Data under study:

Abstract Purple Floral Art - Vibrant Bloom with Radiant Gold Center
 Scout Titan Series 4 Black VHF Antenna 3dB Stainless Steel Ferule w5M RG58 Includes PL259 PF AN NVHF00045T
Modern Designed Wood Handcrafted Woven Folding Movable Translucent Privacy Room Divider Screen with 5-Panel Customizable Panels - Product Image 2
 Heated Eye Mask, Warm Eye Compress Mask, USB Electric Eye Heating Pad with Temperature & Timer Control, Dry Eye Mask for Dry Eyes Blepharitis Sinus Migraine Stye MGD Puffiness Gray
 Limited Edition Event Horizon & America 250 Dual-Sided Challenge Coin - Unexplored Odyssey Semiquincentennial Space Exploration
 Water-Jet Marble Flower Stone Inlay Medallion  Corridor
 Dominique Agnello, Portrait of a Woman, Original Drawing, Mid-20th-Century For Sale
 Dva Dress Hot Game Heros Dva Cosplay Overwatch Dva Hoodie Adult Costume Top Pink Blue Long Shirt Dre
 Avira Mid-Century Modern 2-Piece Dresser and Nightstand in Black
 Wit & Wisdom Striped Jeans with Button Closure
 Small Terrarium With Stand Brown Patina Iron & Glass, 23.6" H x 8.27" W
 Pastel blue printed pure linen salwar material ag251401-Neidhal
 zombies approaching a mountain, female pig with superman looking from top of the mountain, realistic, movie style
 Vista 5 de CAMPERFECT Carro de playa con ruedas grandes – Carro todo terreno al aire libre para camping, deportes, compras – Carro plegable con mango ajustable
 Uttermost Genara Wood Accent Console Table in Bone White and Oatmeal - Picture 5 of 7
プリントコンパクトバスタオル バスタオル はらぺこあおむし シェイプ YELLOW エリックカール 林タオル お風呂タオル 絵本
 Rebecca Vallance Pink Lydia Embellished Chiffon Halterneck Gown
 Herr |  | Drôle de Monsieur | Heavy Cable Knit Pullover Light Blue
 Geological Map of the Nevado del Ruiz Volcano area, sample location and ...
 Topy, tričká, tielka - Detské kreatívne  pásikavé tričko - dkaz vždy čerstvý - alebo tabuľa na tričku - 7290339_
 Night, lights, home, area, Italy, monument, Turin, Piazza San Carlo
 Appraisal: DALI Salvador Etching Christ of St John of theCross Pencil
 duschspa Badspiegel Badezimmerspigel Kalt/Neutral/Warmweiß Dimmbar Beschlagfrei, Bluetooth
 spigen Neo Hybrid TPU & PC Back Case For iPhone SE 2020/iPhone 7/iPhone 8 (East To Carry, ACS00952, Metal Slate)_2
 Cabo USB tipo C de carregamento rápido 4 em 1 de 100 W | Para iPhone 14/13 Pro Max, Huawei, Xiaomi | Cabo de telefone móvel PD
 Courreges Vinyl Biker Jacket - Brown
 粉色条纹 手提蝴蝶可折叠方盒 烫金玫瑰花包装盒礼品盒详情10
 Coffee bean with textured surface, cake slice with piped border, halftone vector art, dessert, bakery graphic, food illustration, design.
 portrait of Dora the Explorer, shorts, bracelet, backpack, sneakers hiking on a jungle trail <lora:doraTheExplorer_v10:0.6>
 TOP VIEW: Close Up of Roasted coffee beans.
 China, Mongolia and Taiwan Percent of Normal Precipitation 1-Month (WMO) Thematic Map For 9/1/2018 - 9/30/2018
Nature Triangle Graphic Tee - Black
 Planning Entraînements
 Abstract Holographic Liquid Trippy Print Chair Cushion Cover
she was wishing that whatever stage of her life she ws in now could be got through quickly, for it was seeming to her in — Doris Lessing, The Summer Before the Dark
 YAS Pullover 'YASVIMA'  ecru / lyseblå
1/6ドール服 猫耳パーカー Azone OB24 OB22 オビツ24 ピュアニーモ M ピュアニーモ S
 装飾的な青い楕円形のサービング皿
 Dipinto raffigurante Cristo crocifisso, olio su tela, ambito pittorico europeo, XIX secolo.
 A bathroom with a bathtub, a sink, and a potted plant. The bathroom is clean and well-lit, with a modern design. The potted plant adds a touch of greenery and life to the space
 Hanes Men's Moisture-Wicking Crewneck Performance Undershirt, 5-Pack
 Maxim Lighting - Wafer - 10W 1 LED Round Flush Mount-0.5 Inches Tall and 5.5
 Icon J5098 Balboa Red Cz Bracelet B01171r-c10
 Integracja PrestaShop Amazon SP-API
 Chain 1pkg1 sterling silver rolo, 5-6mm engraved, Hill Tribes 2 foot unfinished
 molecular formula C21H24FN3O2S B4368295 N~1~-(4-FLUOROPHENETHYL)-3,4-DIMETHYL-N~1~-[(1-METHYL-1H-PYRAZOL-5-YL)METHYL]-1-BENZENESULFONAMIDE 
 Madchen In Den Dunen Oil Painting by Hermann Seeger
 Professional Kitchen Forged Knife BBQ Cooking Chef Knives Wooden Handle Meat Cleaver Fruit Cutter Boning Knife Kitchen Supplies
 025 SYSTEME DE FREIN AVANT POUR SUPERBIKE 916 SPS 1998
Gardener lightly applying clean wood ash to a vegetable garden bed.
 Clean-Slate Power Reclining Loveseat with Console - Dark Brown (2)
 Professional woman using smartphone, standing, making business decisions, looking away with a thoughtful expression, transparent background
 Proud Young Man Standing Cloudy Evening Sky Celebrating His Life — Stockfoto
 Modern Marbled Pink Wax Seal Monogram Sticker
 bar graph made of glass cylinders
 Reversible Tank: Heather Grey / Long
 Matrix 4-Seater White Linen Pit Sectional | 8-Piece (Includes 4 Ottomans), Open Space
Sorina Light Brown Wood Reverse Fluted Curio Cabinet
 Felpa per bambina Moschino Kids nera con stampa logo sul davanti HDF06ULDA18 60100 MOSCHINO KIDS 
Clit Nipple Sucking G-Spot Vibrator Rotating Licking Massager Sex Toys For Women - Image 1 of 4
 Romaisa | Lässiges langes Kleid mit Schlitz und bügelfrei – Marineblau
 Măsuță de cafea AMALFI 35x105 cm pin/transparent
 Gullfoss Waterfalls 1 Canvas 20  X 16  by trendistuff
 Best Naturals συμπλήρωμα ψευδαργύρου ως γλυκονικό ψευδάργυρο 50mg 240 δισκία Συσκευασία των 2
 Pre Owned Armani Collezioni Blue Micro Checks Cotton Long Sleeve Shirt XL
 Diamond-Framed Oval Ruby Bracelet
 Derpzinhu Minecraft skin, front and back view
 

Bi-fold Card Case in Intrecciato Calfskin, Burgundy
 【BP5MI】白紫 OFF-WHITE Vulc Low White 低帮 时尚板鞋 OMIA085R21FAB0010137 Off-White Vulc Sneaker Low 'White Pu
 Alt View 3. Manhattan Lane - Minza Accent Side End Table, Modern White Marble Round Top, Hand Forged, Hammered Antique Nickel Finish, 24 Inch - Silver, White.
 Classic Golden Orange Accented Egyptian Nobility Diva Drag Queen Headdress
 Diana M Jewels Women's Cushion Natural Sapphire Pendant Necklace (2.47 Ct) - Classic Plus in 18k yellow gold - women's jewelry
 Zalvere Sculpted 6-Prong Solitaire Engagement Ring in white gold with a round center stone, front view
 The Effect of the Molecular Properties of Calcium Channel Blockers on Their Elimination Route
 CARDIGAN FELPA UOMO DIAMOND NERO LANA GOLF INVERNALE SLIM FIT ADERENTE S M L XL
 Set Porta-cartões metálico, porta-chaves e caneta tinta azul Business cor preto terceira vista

About this exercise: Give back, exactly as written, the stretch from the line with "duschspa Badspiegel Badezimmerspigel" through the line with "025 SYSTEME DE", and no other lines from the records above.

Result of the task:
 duschspa Badspiegel Badezimmerspigel Kalt/Neutral/Warmweiß Dimmbar Beschlagfrei, Bluetooth
 spigen Neo Hybrid TPU & PC Back Case For iPhone SE 2020/iPhone 7/iPhone 8 (East To Carry, ACS00952, Metal Slate)_2
 Cabo USB tipo C de carregamento rápido 4 em 1 de 100 W | Para iPhone 14/13 Pro Max, Huawei, Xiaomi | Cabo de telefone móvel PD
 Courreges Vinyl Biker Jacket - Brown
 粉色条纹 手提蝴蝶可折叠方盒 烫金玫瑰花包装盒礼品盒详情10
 Coffee bean with textured surface, cake slice with piped border, halftone vector art, dessert, bakery graphic, food illustration, design.
 portrait of Dora the Explorer, shorts, bracelet, backpack, sneakers hiking on a jungle trail <lora:doraTheExplorer_v10:0.6>
 TOP VIEW: Close Up of Roasted coffee beans.
 China, Mongolia and Taiwan Percent of Normal Precipitation 1-Month (WMO) Thematic Map For 9/1/2018 - 9/30/2018
Nature Triangle Graphic Tee - Black
 Planning Entraînements
 Abstract Holographic Liquid Trippy Print Chair Cushion Cover
she was wishing that whatever stage of her life she ws in now could be got through quickly, for it was seeming to her in — Doris Lessing, The Summer Before the Dark
 YAS Pullover 'YASVIMA'  ecru / lyseblå
1/6ドール服 猫耳パーカー Azone OB24 OB22 オビツ24 ピュアニーモ M ピュアニーモ S
 装飾的な青い楕円形のサービング皿
 Dipinto raffigurante Cristo crocifisso, olio su tela, ambito pittorico europeo, XIX secolo.
 A bathroom with a bathtub, a sink, and a potted plant. The bathroom is clean and well-lit, with a modern design. The potted plant adds a touch of greenery and life to the space
 Hanes Men's Moisture-Wicking Crewneck Performance Undershirt, 5-Pack
 Maxim Lighting - Wafer - 10W 1 LED Round Flush Mount-0.5 Inches Tall and 5.5
 Icon J5098 Balboa Red Cz Bracelet B01171r-c10
 Integracja PrestaShop Amazon SP-API
 Chain 1pkg1 sterling silver rolo, 5-6mm engraved, Hill Tribes 2 foot unfinished
 molecular formula C21H24FN3O2S B4368295 N~1~-(4-FLUOROPHENETHYL)-3,4-DIMETHYL-N~1~-[(1-METHYL-1H-PYRAZOL-5-YL)METHYL]-1-BENZENESULFONAMIDE 
 Madchen In Den Dunen Oil Painting by Hermann Seeger
 Professional Kitchen Forged Knife BBQ Cooking Chef Knives Wooden Handle Meat Cleaver Fruit Cutter Boning Knife Kitchen Supplies
 025 SYSTEME DE FREIN AVANT POUR SUPERBIKE 916 SPS 1998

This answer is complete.